# Task goal
The answer should be every line below, repeated exactly, with the images left out.

# Provided material
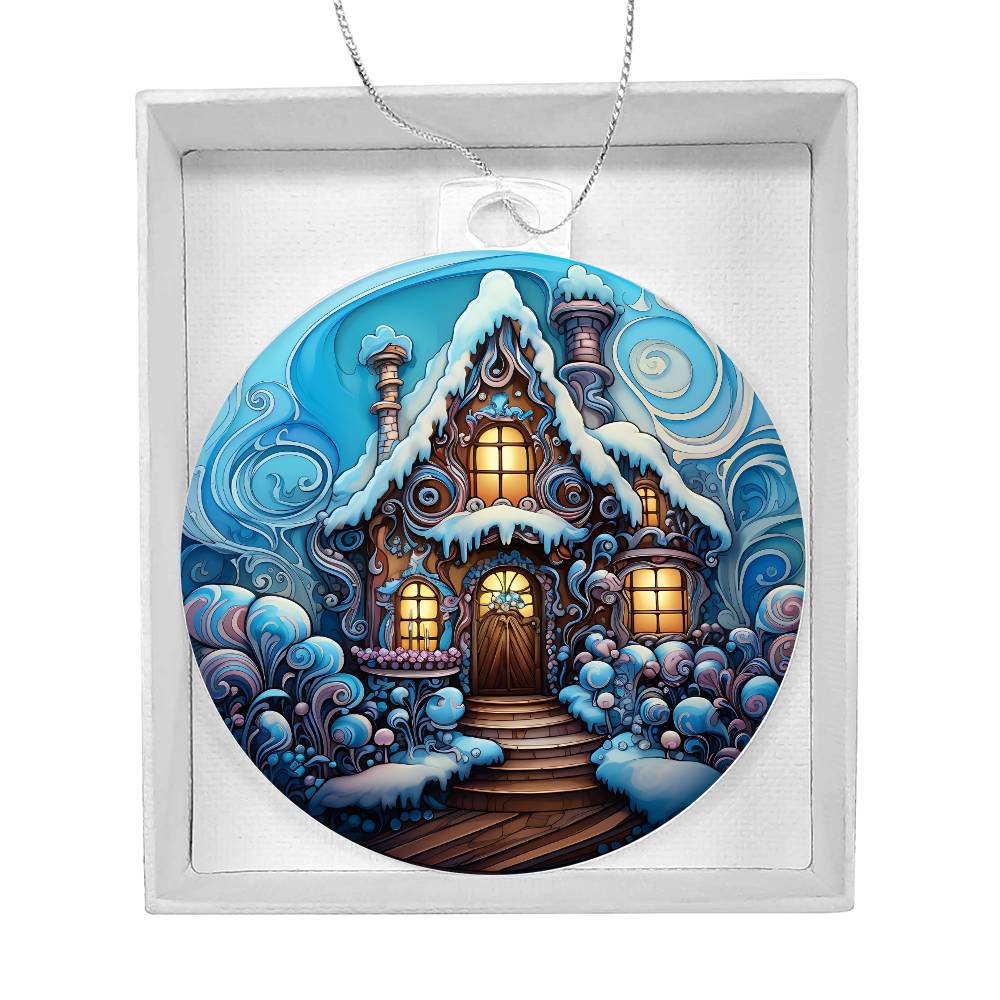 Acrylic Ornament House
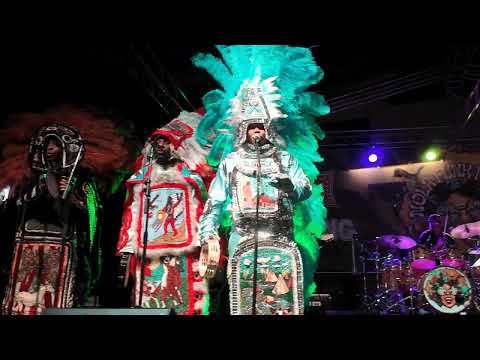 Cyril Neville Celebrates 50 Years of The Wild Tchoupitoulas 10/19/25 NOLA Funk Fest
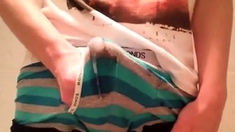 underwear cum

# Reply to the exercise
 Acrylic Ornament House
 Cyril Neville Celebrates 50 Years of The Wild Tchoupitoulas 10/19/25 NOLA Funk Fest
 underwear cum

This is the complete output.